- Exercise -
Would you repeat word for word the lines of the listing that follows, from the one with "Used 2018 Tesla" up to and including the one with "Kristin Jones Summer Sailing Charms Shirt", and leave out the images?

- Data records -
++++++++++++++++++++

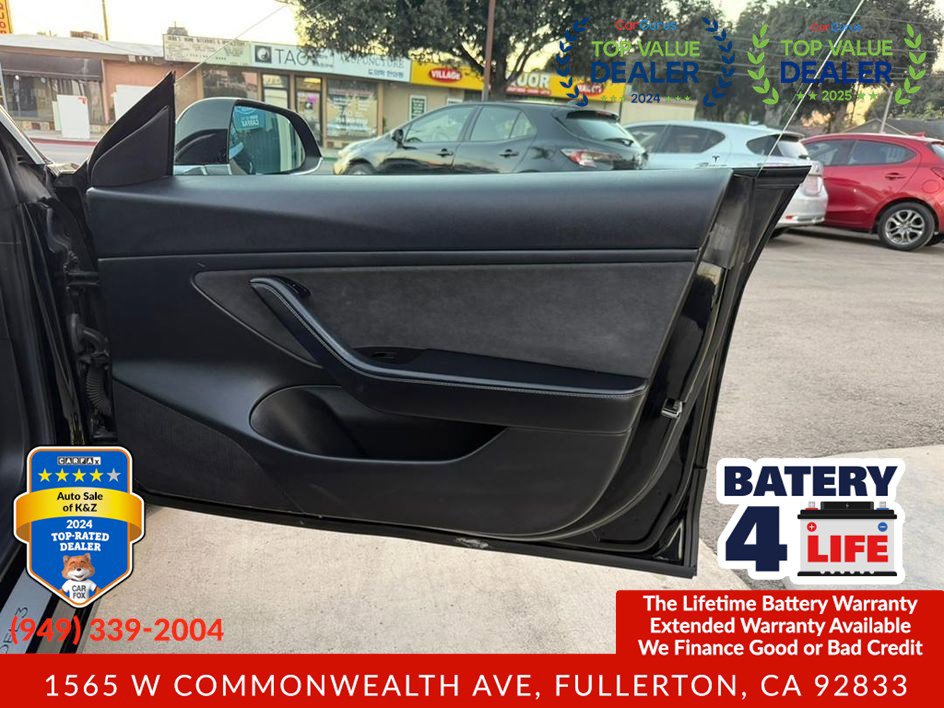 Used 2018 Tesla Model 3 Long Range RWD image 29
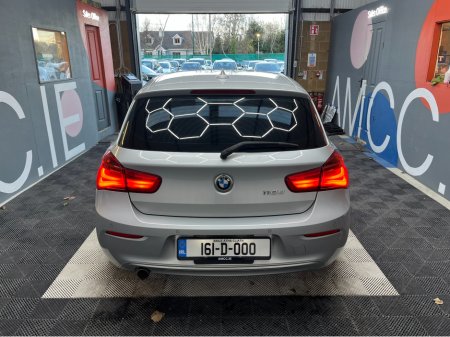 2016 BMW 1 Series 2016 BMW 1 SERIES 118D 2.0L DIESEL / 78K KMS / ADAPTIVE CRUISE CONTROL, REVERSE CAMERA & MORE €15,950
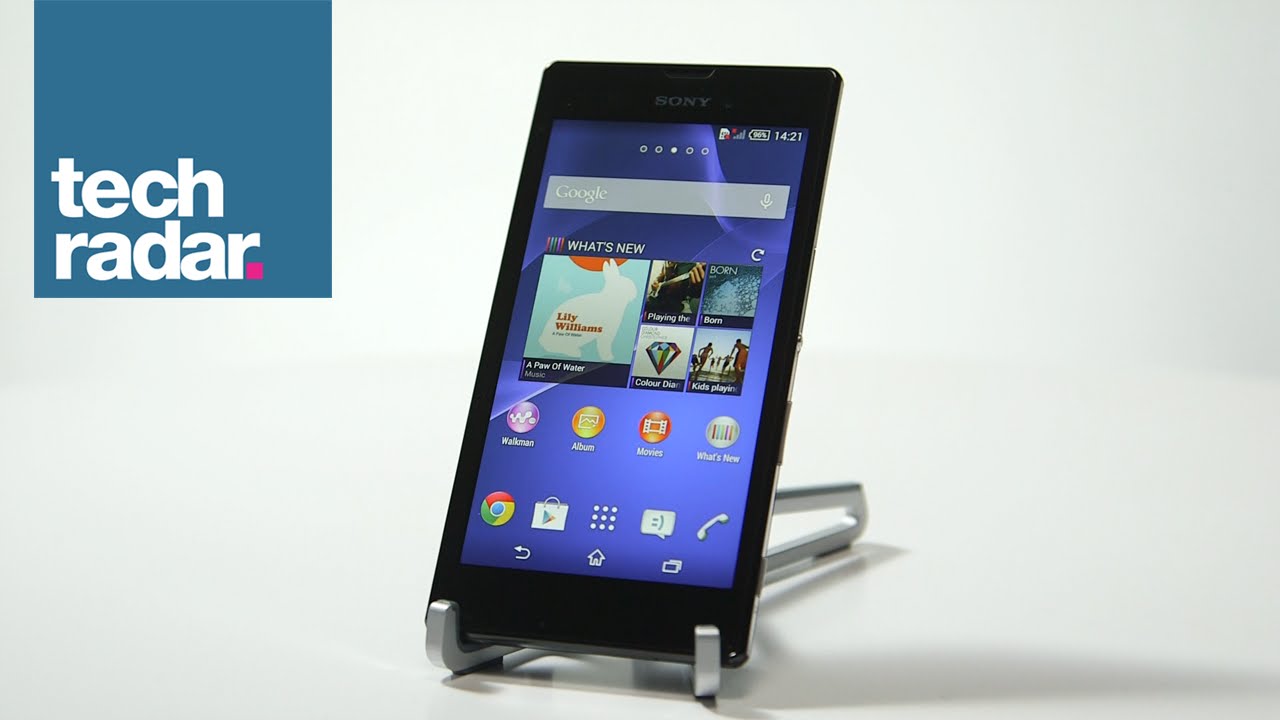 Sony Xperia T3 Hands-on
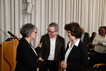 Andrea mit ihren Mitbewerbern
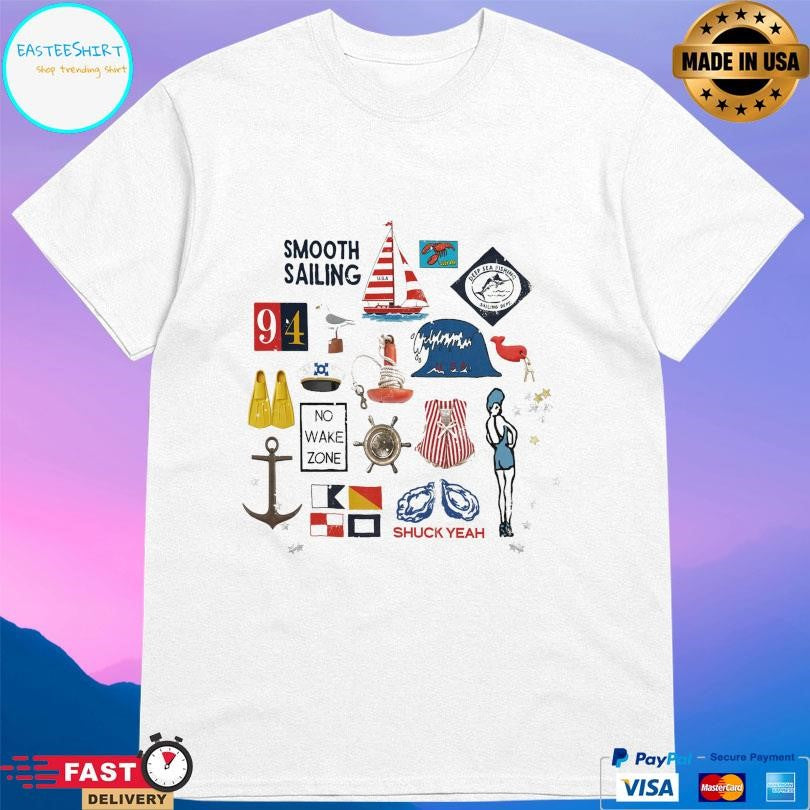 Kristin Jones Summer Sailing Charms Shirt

++++++++++++++++++++

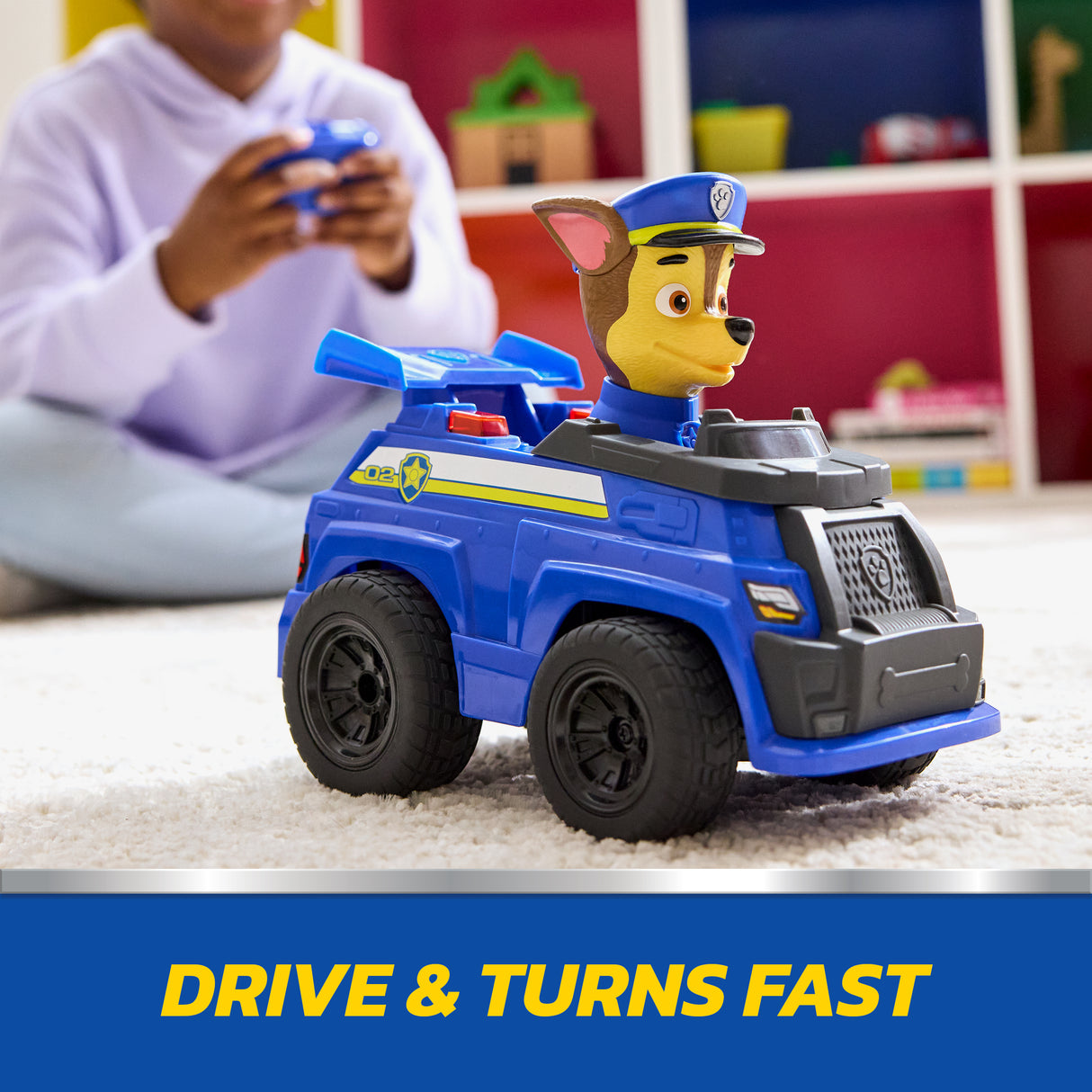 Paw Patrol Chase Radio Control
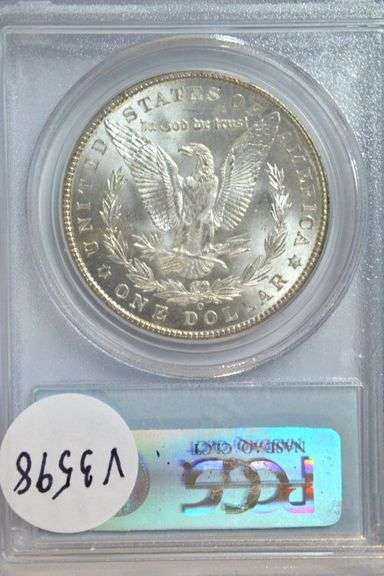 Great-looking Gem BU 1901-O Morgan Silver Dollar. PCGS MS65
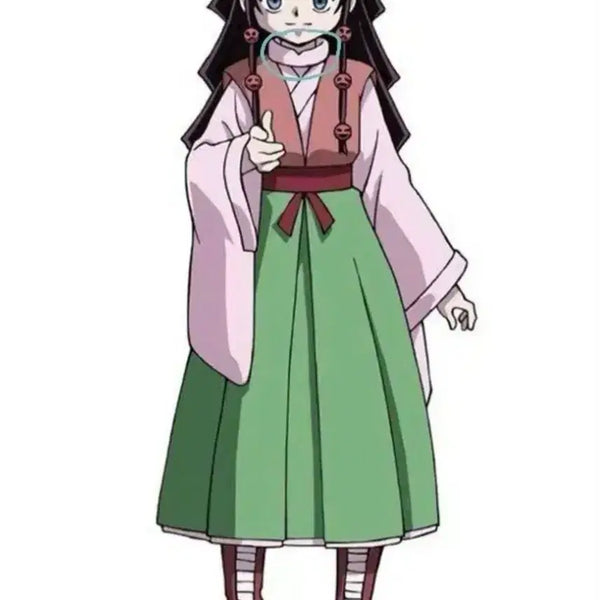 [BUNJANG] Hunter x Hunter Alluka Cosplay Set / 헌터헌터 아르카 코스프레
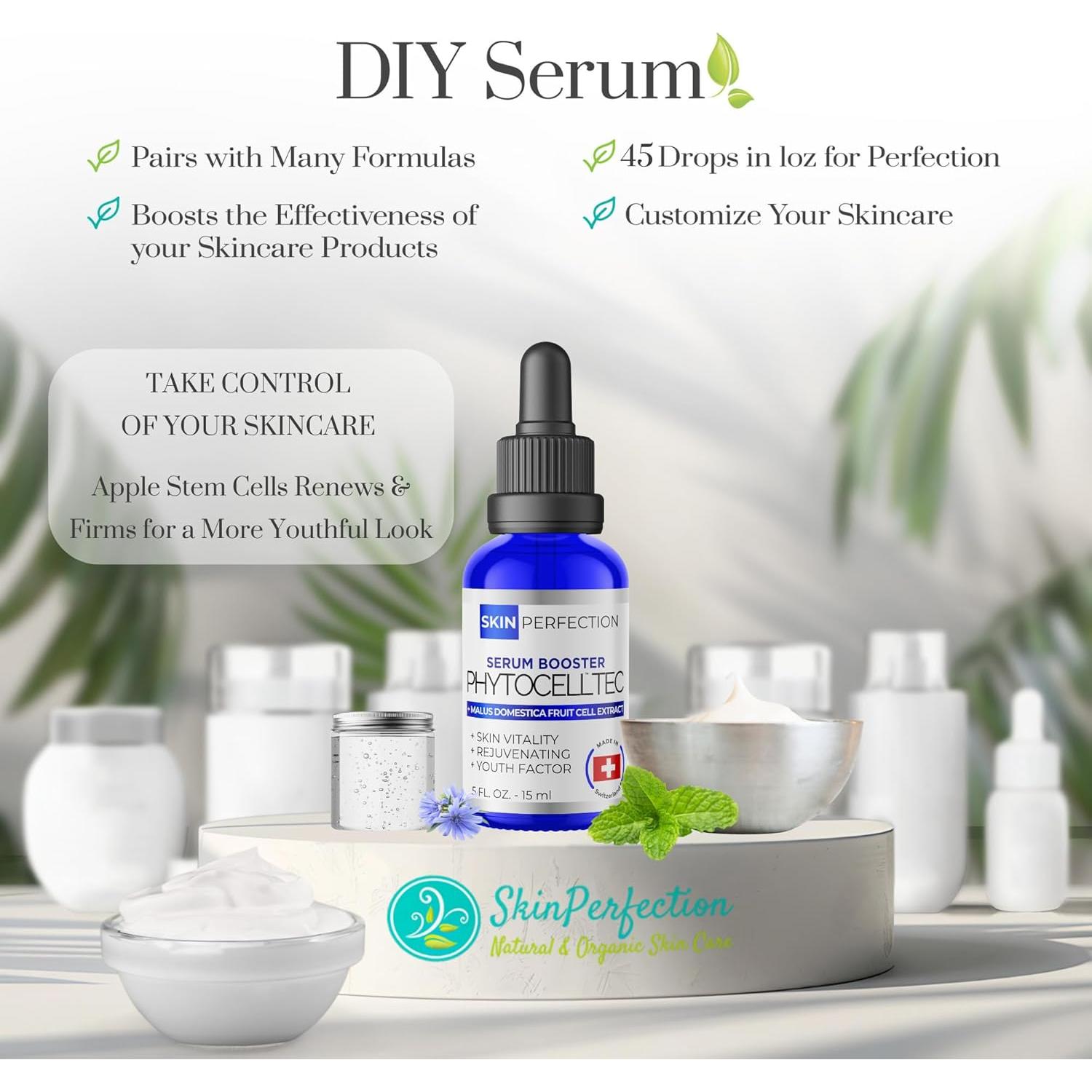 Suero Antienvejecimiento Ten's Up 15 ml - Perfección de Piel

++++++++++++++++++++

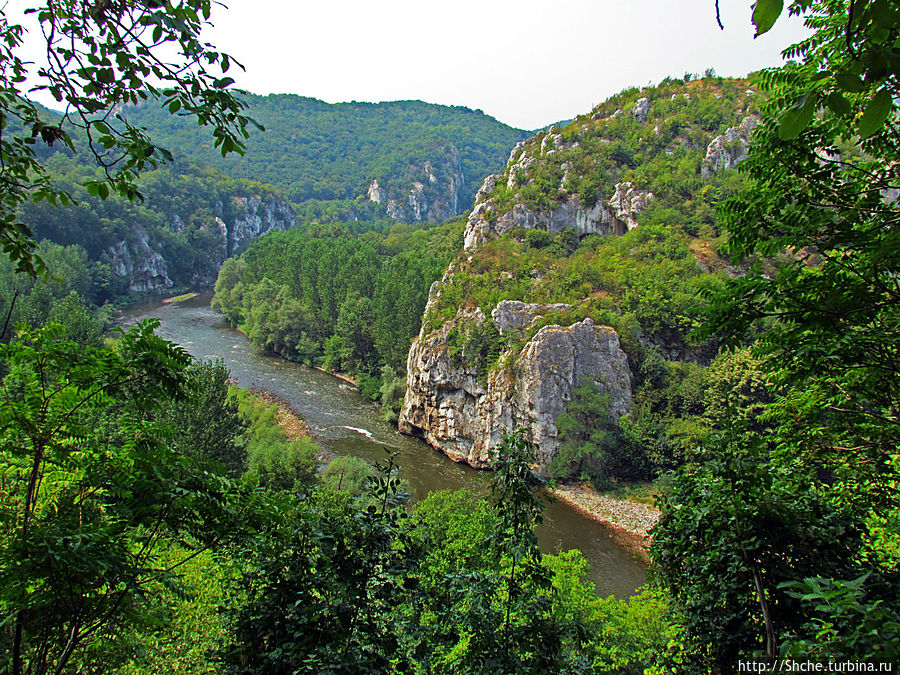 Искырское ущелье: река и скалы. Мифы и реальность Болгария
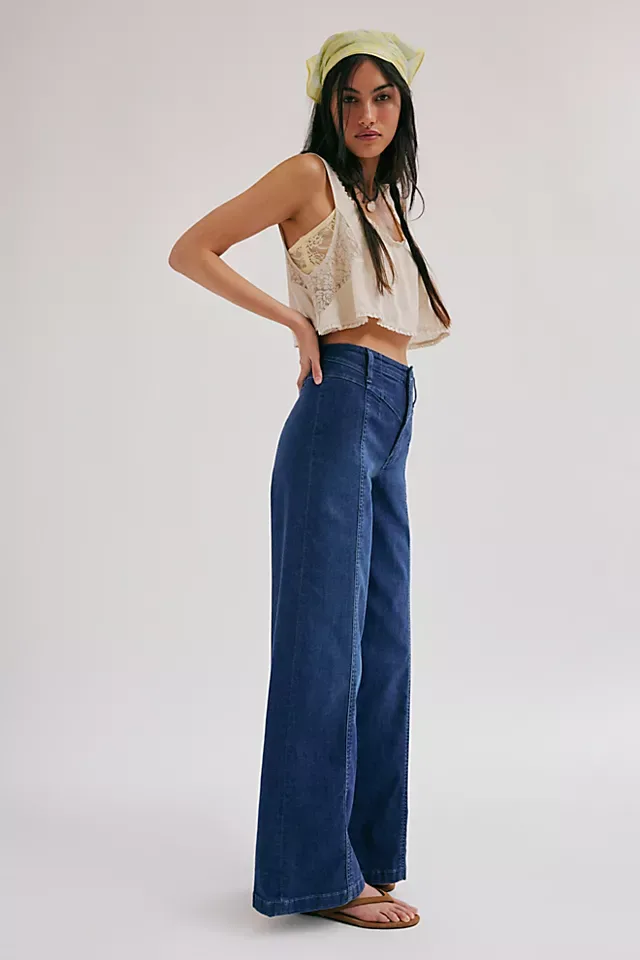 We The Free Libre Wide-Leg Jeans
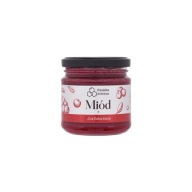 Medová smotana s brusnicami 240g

++++++++++++++++++++

- Task solution -
 Used 2018 Tesla Model 3 Long Range RWD image 29
 2016 BMW 1 Series 2016 BMW 1 SERIES 118D 2.0L DIESEL / 78K KMS / ADAPTIVE CRUISE CONTROL, REVERSE CAMERA & MORE €15,950
 Sony Xperia T3 Hands-on
 Andrea mit ihren Mitbewerbern
 Kristin Jones Summer Sailing Charms Shirt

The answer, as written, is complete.